Se considera una postura propiamente
sacerdotal
En un
mundo como el nuestro, lleno de reglamentaciones, podría parecer que también
las debe haber en lo referente al trato con Dios, y en concreto en la oración.
En realidad no es así. Hay tradiciones, costumbres, y unas ciertas buenas
maneras, pero eso no es algo uniforme, ni una normativa estrictamente hablando.
Por eso, para rezar, sea el Padrenuestro o lo que sea, no hay posturas
establecidas; si se quiere, se puede rezar con los brazos extendidos.
¿Tiene
algún significado la postura de los brazos extendidos con las palmas de las
manos hacia arriba? Pues sí, y me atrevería a decir que, más que cristiano, es
algo universal, y sus orígenes hay que buscarlos bastante antes de que
apareciera el cristianismo. Es una postura de súplica.
Sin
embargo, la cosa cambia cuando la oración es litúrgica, especialmente por parte
del sacerdote. Ahí sí que están señaladas las posturas que el celebrante debe
adoptar, entre ellas la que aquí estamos considerando. También tiene el
significado de súplica, pero con un matiz añadido: se considera una postura
propiamente sacerdotal, y se prescribe para los momentos en que la oración
tiene esta característica. “Sacerdotal” significa aquí que el sacerdote
intercede por el pueblo, y se dirige a Dios en nombre del mismo.
Así,
por ejemplo, en Misa, la llamada “oración colecta” –la que precede
inmediatamente a las lecturas- recibe ese nombre porque se supone que el
sacerdote “recolecta” las peticiones de los fieles y las eleva a Dios Padre.
Por eso, las rúbricas (se llaman así las instrucciones para la celebración)
señalan que el sacerdote debe adoptar esa postura en ese momento.
También
se señala lo mismo para el rezo del Padrenuestro en Misa, y el motivo es el
mismo. En bastantes lugares se ha introducido la costumbre de que el pueblo
acompañe al sacerdote con el mismo gesto. [Esta
costumbre no es propia del rito romano, aunque sí de otros como el ambrosiano y
algunos orientales como el maronita, y también lo practican con autorización
algunos grupos, como el Camino Neocatecumenal.
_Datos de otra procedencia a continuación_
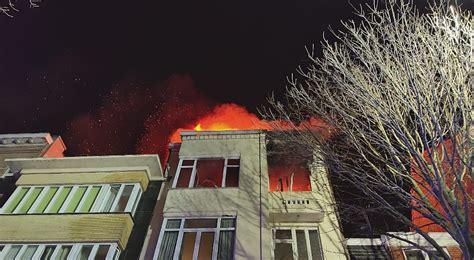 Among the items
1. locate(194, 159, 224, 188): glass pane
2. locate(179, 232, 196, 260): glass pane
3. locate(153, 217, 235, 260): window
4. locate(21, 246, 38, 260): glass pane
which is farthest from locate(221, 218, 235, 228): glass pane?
locate(21, 246, 38, 260): glass pane

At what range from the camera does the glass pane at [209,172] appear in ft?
56.8

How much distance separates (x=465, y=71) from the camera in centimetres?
1073

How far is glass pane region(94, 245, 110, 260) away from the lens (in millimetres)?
13930

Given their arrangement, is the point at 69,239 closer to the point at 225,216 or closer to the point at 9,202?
the point at 9,202

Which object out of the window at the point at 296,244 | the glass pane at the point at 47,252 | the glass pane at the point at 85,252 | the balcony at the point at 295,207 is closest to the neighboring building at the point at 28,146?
the glass pane at the point at 47,252

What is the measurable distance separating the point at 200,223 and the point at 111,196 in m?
4.46

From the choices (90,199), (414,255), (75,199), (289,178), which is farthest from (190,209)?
(414,255)

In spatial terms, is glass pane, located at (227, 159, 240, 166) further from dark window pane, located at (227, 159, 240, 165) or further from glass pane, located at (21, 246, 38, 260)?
glass pane, located at (21, 246, 38, 260)

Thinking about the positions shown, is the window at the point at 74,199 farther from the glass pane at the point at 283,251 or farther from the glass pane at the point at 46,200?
the glass pane at the point at 283,251

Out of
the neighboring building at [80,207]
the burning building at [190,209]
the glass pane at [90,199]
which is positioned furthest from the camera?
the glass pane at [90,199]

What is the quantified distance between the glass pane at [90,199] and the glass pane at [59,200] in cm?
99

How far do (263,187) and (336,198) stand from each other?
352 cm

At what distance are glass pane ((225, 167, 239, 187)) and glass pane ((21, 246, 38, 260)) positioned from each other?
24.5 feet

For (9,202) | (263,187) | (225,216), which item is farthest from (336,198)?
(9,202) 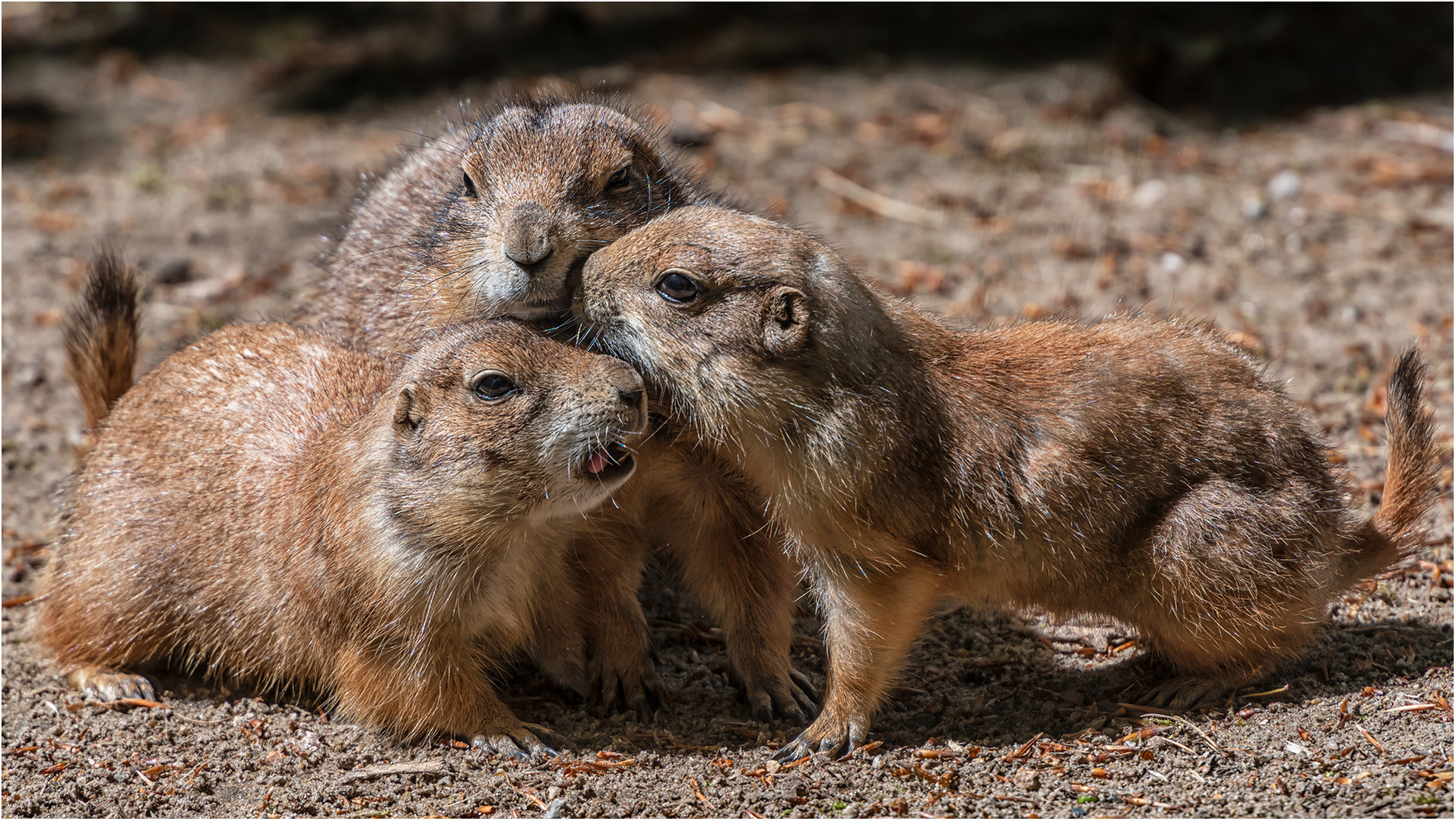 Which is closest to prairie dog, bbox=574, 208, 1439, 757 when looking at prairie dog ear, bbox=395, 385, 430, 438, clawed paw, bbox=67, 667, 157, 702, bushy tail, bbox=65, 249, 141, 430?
prairie dog ear, bbox=395, 385, 430, 438

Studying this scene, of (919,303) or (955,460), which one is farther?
(919,303)

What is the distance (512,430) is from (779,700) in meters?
1.60

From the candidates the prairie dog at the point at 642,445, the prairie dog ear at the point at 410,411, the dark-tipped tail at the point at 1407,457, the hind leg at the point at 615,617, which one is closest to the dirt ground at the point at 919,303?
the hind leg at the point at 615,617

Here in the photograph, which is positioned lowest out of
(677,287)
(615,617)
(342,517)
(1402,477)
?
(615,617)

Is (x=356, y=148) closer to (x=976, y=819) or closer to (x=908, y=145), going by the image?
(x=908, y=145)

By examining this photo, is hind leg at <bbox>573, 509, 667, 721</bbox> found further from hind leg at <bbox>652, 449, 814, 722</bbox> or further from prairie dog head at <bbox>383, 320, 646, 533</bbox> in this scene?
prairie dog head at <bbox>383, 320, 646, 533</bbox>

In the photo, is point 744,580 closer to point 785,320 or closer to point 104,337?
point 785,320

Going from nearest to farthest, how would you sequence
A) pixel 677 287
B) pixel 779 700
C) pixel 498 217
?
pixel 677 287 → pixel 498 217 → pixel 779 700

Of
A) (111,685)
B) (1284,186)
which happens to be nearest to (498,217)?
(111,685)

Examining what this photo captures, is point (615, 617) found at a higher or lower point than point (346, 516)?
lower

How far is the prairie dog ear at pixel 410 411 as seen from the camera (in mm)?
4402

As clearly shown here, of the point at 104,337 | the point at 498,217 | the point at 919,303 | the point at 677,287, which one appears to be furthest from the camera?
the point at 919,303

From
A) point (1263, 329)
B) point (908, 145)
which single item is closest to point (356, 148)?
point (908, 145)

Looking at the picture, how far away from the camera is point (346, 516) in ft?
15.0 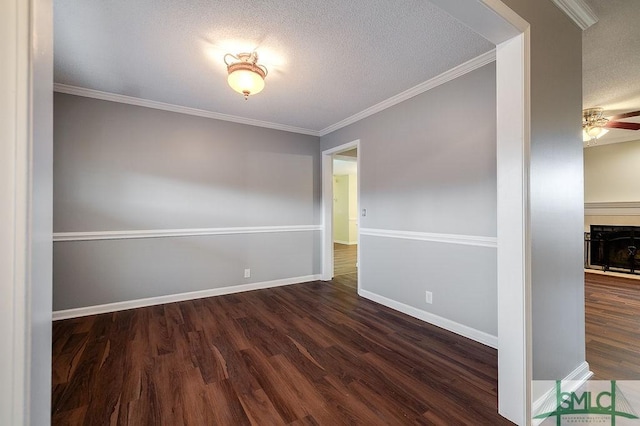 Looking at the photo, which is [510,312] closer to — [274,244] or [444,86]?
[444,86]

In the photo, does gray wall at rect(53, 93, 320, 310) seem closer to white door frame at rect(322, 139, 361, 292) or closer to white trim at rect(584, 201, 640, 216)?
white door frame at rect(322, 139, 361, 292)

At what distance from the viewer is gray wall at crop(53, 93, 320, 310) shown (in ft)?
9.41

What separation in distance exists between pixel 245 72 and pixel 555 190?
234 centimetres

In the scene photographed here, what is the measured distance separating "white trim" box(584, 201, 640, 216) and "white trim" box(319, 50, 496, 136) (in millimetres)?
4813

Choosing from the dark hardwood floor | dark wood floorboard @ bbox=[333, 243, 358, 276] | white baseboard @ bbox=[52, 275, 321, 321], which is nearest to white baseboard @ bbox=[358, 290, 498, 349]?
the dark hardwood floor

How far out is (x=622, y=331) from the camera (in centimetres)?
250

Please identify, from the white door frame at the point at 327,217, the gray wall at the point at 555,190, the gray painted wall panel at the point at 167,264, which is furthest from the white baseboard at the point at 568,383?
the gray painted wall panel at the point at 167,264

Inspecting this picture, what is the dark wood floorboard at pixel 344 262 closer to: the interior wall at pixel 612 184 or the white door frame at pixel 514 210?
the white door frame at pixel 514 210

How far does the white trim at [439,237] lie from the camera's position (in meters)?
2.29

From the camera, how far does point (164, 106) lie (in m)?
3.27

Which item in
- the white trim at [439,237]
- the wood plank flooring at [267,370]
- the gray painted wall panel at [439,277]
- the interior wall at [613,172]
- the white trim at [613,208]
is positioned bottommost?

El autor se refiere
específicamente al rito romano, N. del ed.]
Personalmente,
sin darle una importancia que no tiene, creo que es un bienintencionado error.
Ciertamente, lo rezan a la vez celebrante y pueblo. Pero en el caso del
celebrante se añade el matiz propiamente sacerdotal que no comparte con el
pueblo: rezan todos lo mismo, pero el sacerdote se encarga de mediar, como le
corresponde, de forma que, además de rezarlo él, ofrece a Dios la oración de
todos los allí reunidos. El gesto lo pone de manifiesto, y se diluye su
significado si se convierte en una postura común.